Is there a way to vectorize the following three-nested loop that calcuate the daily mean of hourly data? The function below loops first over the year, then months, and finally over days. It also check for the last month and day to ensure that the loop does not go beyond the last month or day of the data.
def hourly2daily(my_var,my_periods):
import pandas as pd
import numpy as np
import sys
print('######### Daily2monthly function ##################')

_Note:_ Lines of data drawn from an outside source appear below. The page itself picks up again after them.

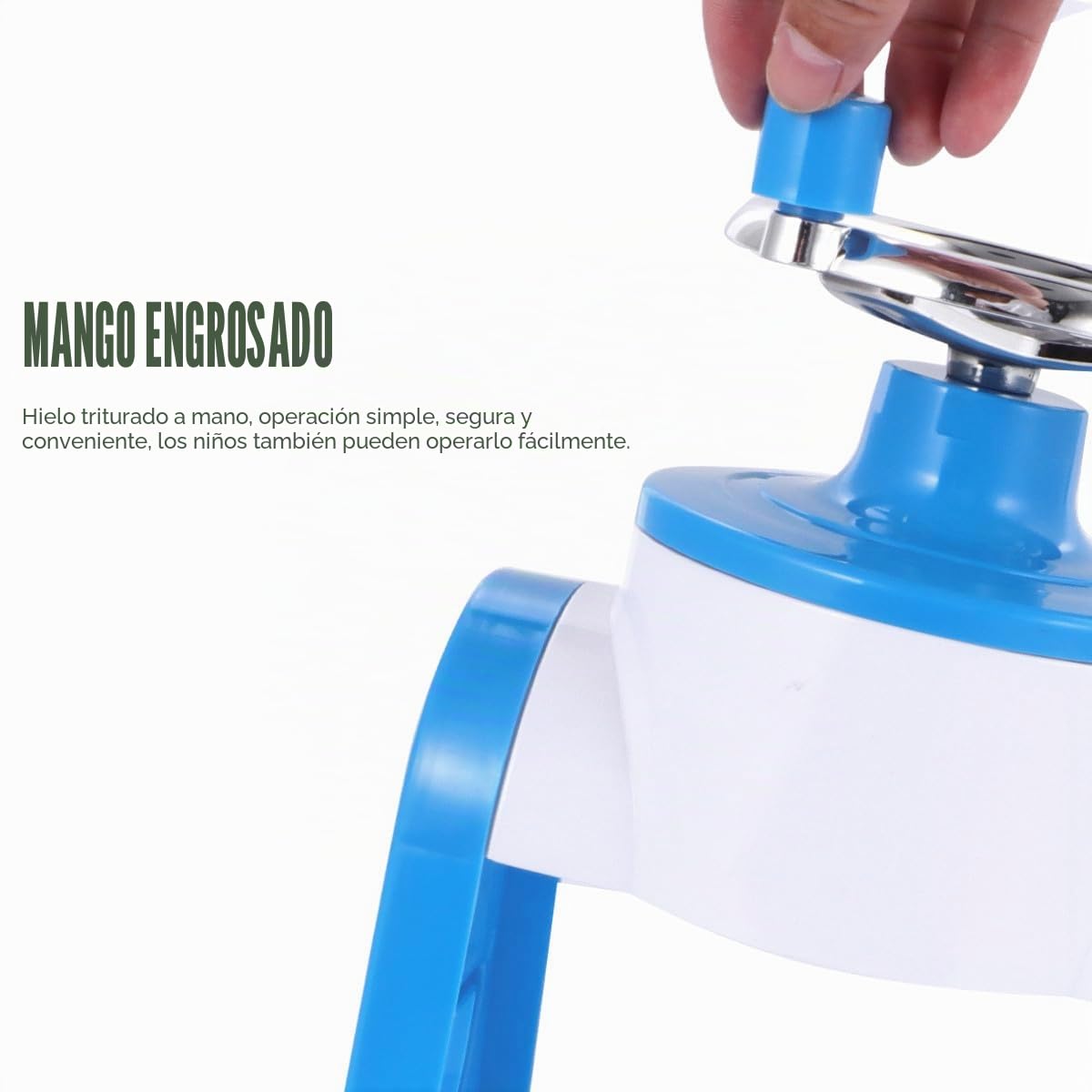 CALLARON Trituradora de Hielo Manual Azul para Casa, Mini Máquina para Hacer Granizados y Hielo Raspado, Desmontable y Fácil de Limpiar, Adecuado para Bebidas y Batidos de Verano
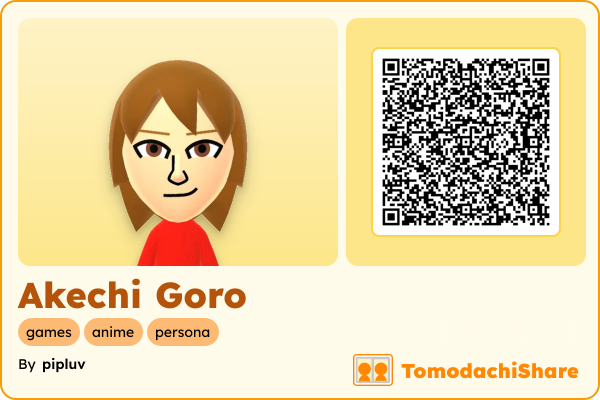 Akechi Goro, a male Mii  with tags: games, anime, persona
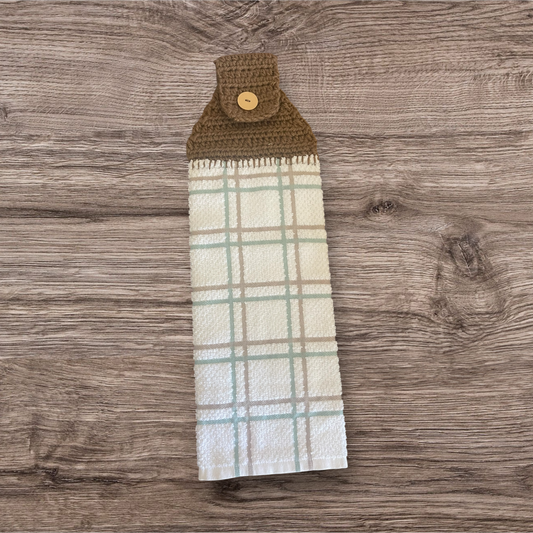Sage & Brown Plaid Hanging Towel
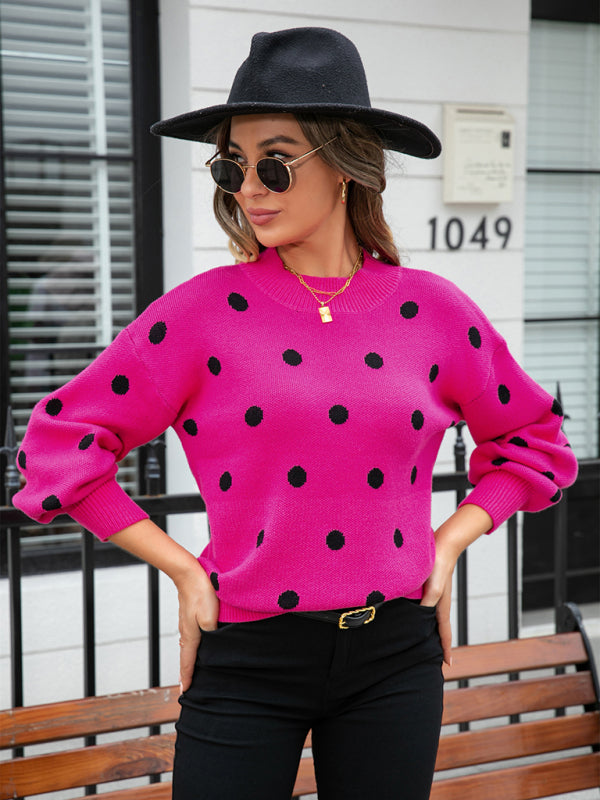 Sweaters- Polka Dot Knitted Relax Drop Shoulder Sweater- - Pekosa Women Clothing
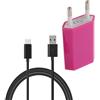 0BFDDEA Caricabatterie Caricatore Cavo Type-c 1a 5w Magenta Per Samsung Galaxy A3 (2017)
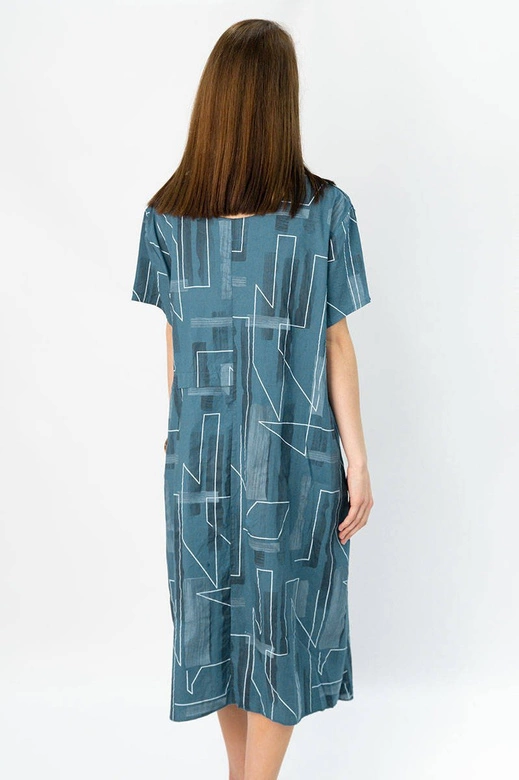 BAWEŁNIANA SUKIENKA OVERSIZE CIEMNONIEBIESKA (340ART)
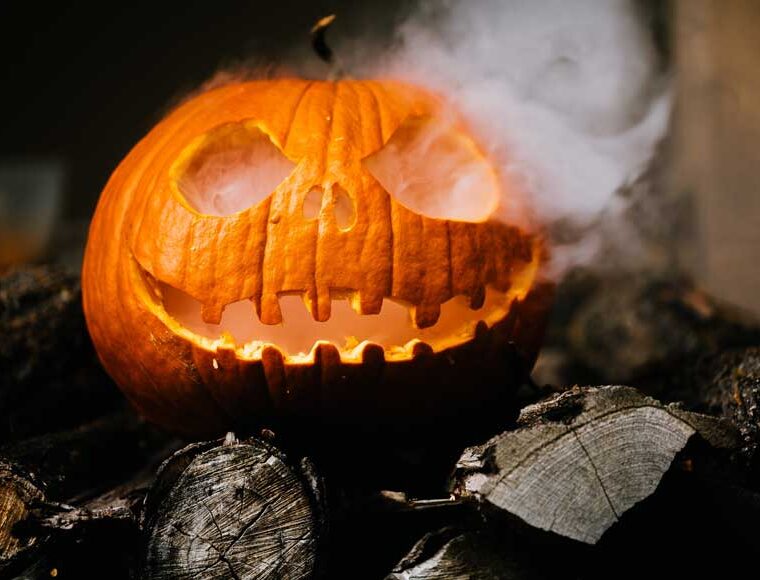Scary carved Halloween pumpkin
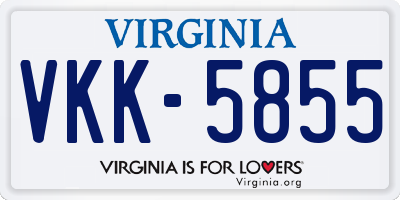 VA license plate VKK5855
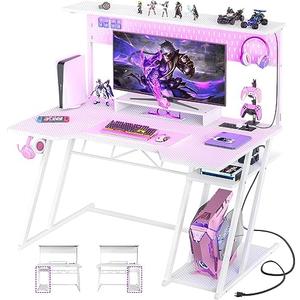 Gaming Computer Desk with Power Outlets, Gaming Desk with Hutch and LED Lights, Reversible PC Gaming Desk with Pegboard, Carbon Fiber White, 47"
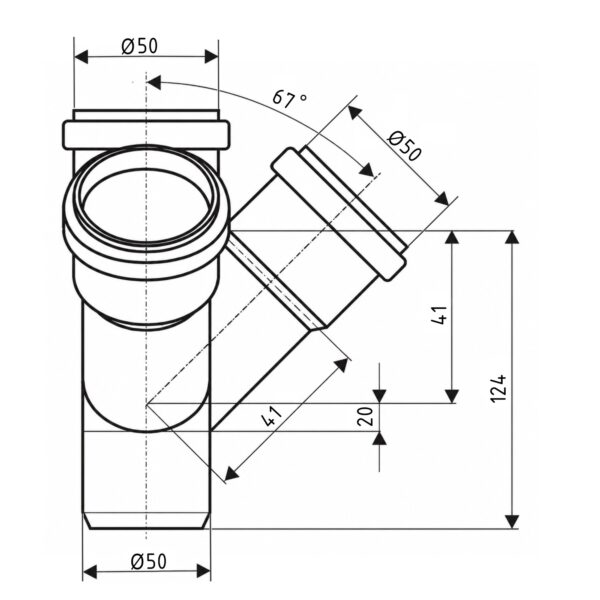 Хрестовина каналізаційна двоплощинна Ostendorf-OSMA HT-System PLUS d50/50/50/50×67° Хрестовина каналізаційна двоплощинна Ostendorf-OSMA HT-System PLUS d50/50/50/50×67°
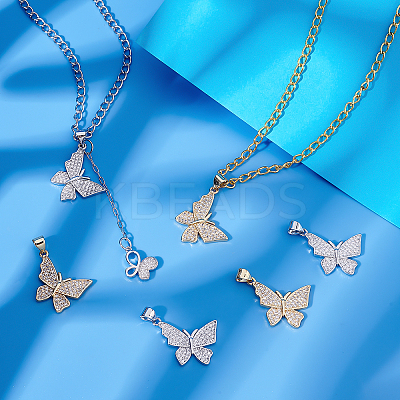 8Pcs 2 Colors Brass Micro Pave Clear Cubic Zirconia Pendants ZIRC-FH0001-28-1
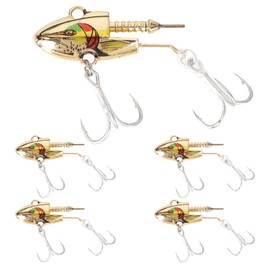 Spotlip Sea Bass Lures Jig Head Set 10g, 14g, 21g, 27g Lures, Metal Vibration Shad, Jig Head, Blue Fishing, Freshwater Saltwater Fishing Set of 5 (21g, Gold)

Frs_year =my_periods[0].year
Frs_month =my_periods[0].month
Frs_day =my_periods[0].day
Frs_hour =my_periods[0].hour
Last_year =my_periods[-1].year
Last_month =my_periods[-1].month
Last_day =my_periods[-1].day
Last_hour =my_periods[-1].hour
print('First year is '+str(Frs_year) +'\n'+\
'First months is '+str(Frs_month)+'\n'+\
'First day is '+str(Frs_day)+'\n'+\
'First hour is '+str(Frs_hour))
print(' ')
print('Last year is '+str(Last_year)+'\n'+\
'Last months is '+str(Last_month)+'\n'+\
'Last day is '+str(Last_day)+'\n'+\
'Last hour is '+str(Last_hour))
Frs = str(Frs_year)+'/'+str(Frs_month)+'/'+str(Frs_day)+' '+str(Frs_hour)+":00"

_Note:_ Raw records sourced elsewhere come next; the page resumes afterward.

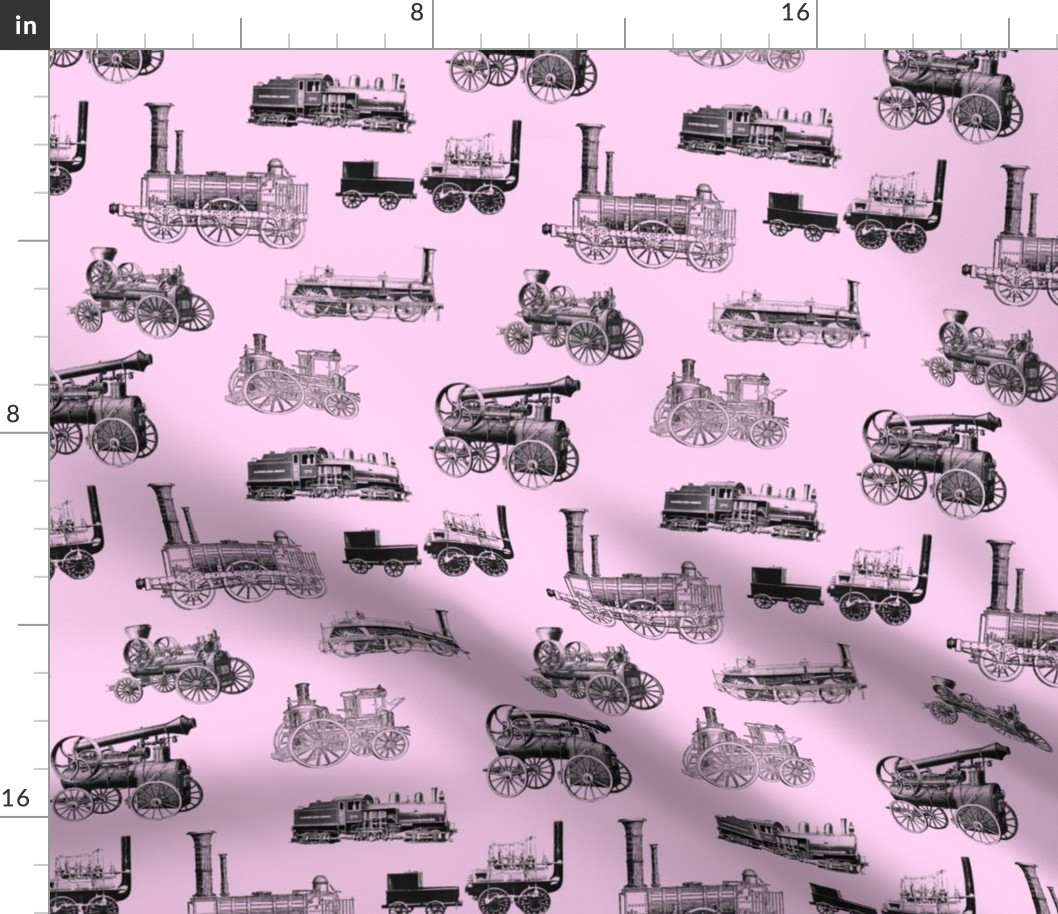 Antique Steam Engines on Light Pink // Large (3.5")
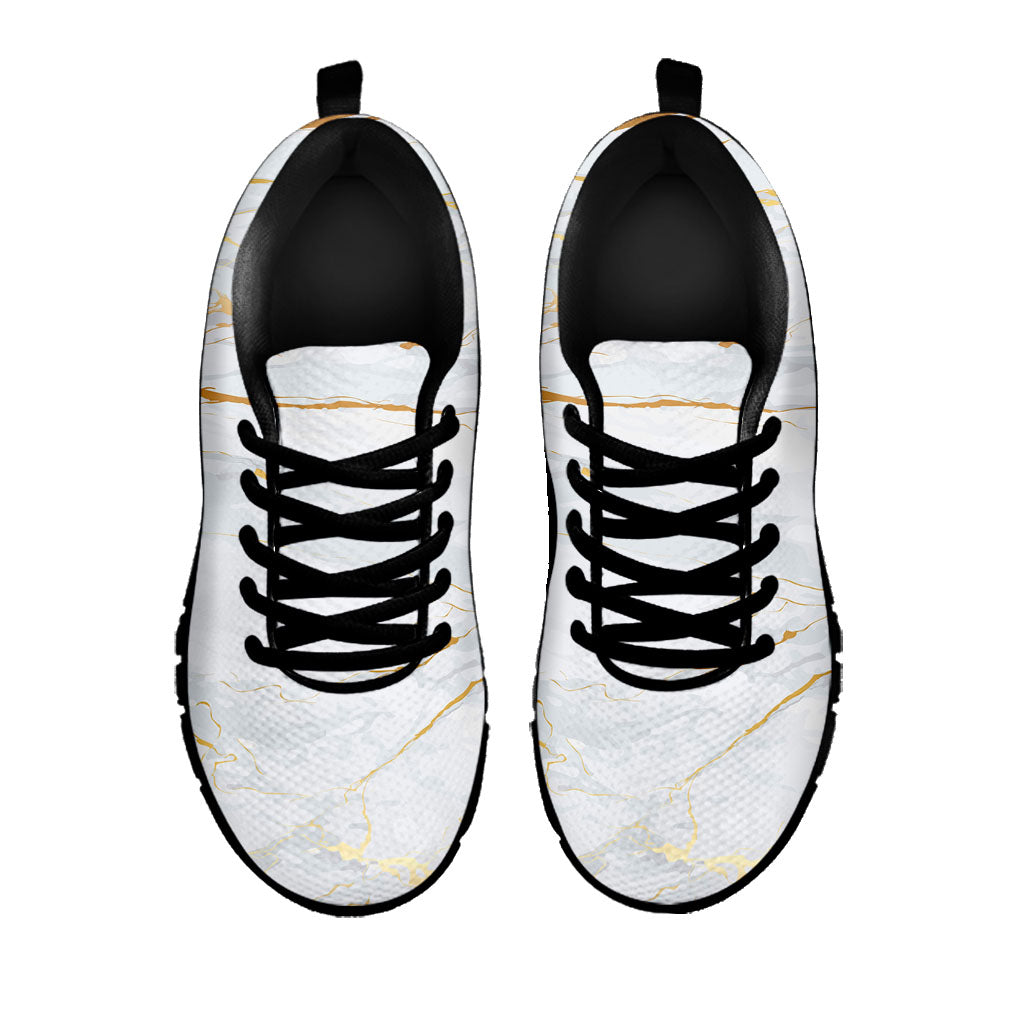White Gold Scratch Marble Print Black Running Shoes
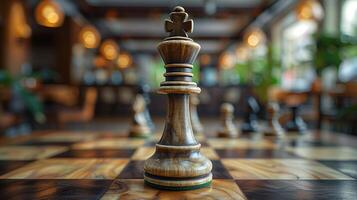 Chess on chess board game for business metaphor leadership concept select focus on king chess in vintage room photo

Lst = str(Last_year)+'/'+str(Last_month)+'/'+str(Last_day)+' '+str(Last_hour)+":00"
my_daily_time=pd.date_range(Frs,Lst,freq='D')
## END of the data_range tricks ###########
nt_days=len(my_daily_time)
nd=np.ndim(my_var)
if (nd == 1): # only time series
var_mean=np.full((nt_days),np.nan)
if (nd == 2): # e.g., time, lat or lon or lev
n1=np.shape(my_var)[1]
var_mean=np.full((nt_days,n1),np.nan)
if (nd == 3): # e.g., time, lat, lon
n1=np.shape(my_var)[1]
n2=np.shape(my_var)[2]
var_mean=np.full((nt_days,n1,n2),np.nan)
if (nd == 4): # e.g., time, lat , lon, lev
n1=np.shape(my_var)[1]
n2=np.shape(my_var)[2]
n3=np.shape(my_var)[3]
var_mean=np.full((nt_days,n1,n2,n3),np.nan)
end_mm=12
k=0
####### loop over years ################
for yy in np.arange(Frs_year,Last_year+1):
print('working on the '+str(yy))
# in case the last month is NOT 12
if (yy == Last_year):
end_mm=Last_month
print('The last month is '+str(end_mm))
## Loop over months ################
for mm in np.arange(1,end_mm+1):
end_day=pd.Period(str(yy)+'-'+str(mm)).days_in_month
# in case the last day is not at the end of the month.

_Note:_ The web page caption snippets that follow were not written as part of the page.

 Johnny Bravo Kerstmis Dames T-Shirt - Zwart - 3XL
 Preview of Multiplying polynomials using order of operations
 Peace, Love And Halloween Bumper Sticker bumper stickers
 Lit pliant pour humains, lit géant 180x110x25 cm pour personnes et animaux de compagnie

if ((yy == Last_year) & (mm == Last_month)):
end_day=Last_day
#### loop over days ###############
for dd in np.arange(1,end_day+1):
print(str(yy)+'-'+str(mm)+'-'+str(dd))
#list all days of the month and year.
I=np.where((my_periods.year == yy) &\
(my_periods.month == mm) &\
(my_periods.day == dd ))[0]
print(I)
# if there is a discontinuity in time.
# I will be empty and then you have to quit.
# you have first to reindex the data.
if len(I) == 0 :
print('Warning time shift here >>')
print('Check the continuity of your time sequence')
sys.exit()
var_mean[k,...]=np.nanmean(my_var[I,...],0)
k=k+1
return var_mean,my_daily_time
Here is, perhaps, easy and quick way to call this function. Note that you may be asked to install Pooch
import numpy as np
import xarray as xr
x = xr.tutorial.load_dataset("air_temperature")
time = x['time'] # reading the time
period=time.to_index().to_period('h')
bb0,bb1=hourly2daily(x['air'],period)
I am aware that there is another way to implement this; for example, I can do the previous calculation in one single loop as shown below, but it won’t help for data with discontinues in time.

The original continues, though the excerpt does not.